Поэтому Гарри может сколько угодно думать, что Гермиона не права, и ради того, чтобы не дать Тому завладеть палочкой, он смог бы пойти на осквернение гробницы. Дамблдора.
Не смог бы. Ума не приложу, как парень может сомневаться в том, что правильно понял намеки и намерения Директора. Разумеется, на самом деле он хотел, чтобы Гарри осквернил гробницу мертвеца и тело покойника. Очевидно, так.
И есть в этом гермионином «Ты бы никогда этого не сделал, Гарри. Ты бы не смог разрушить могилу Дамблдора» что-то… какое-то отдаленное эхо другого разговора – другой женщины-логика с другим мужчиной, которому выпало спасти мир: «Вы мне льстите. Волан-де-Морт обладал силами, которых у меня никогда не было». – «Только потому, что вы… что ж… слишком благородны, чтобы их использовать…»

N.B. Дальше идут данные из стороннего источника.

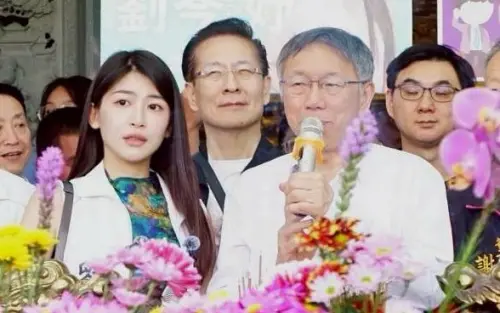 收割小草？上凱道前加價購200元阿館便當　小草女神喊心安理得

Я думаю, сомнения Гарри весьма похожи на постоянные сомнения самого Дамблдора – всех лет Игры и, возможно, всей жизни. И на саму жизнь, в которой тем, кому выпали такие роли, то и дело приходится проходить сквозь кризис принадлежности к факультету и преодолевать синдром никудышников, потому что они никогда не ощущают себя храбрецами и – тем более – великими людьми, которые действуют правильно и выбирают верное в условиях, когда ответственность столь велика. Это нормально.
В конце концов, величие и храбрость вовсе не есть бесстрашие. Это способность делать то, что считаешь правильным, даже когда от страха ты не можешь пошевелиться. Все одно к одному.
Чем-то таким хорошим Гарри и Дамблдор когда-то давно привлекли небеса, что они свели их вместе – и это, пожалуй, лучшее, что могло случиться.